- ASSIGNMENT
Both the line with "Broșă buchet, formă" and the line with "Toyota YARIS 1.0" in the records below must appear in the output, along with every line between them, exactly and with nothing added.

- MATERIAL FOR THE TASK
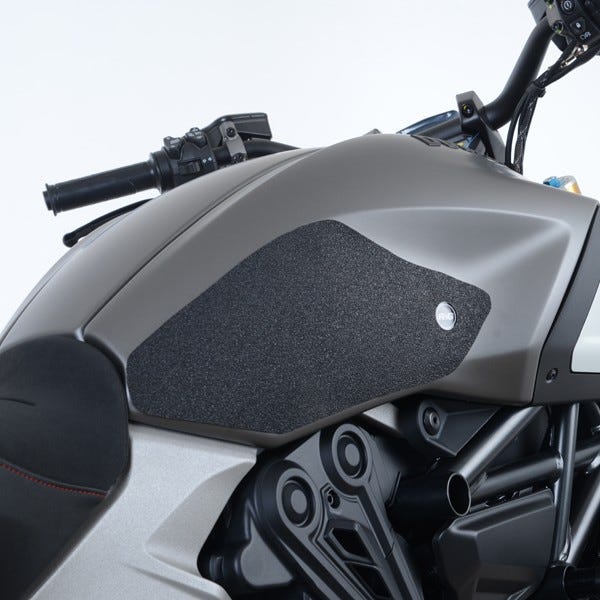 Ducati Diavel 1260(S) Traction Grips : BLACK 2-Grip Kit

==

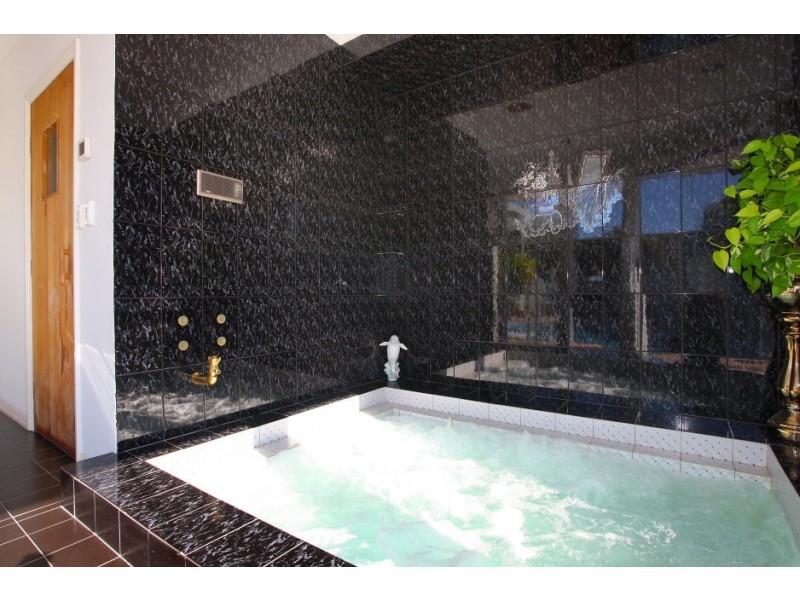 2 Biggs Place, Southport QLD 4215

==

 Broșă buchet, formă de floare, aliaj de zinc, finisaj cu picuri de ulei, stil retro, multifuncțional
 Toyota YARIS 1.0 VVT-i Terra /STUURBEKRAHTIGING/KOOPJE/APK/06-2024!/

- RESPONSE AREA
 Broșă buchet, formă de floare, aliaj de zinc, finisaj cu picuri de ulei, stil retro, multifuncțional
 Toyota YARIS 1.0 VVT-i Terra /STUURBEKRAHTIGING/KOOPJE/APK/06-2024!/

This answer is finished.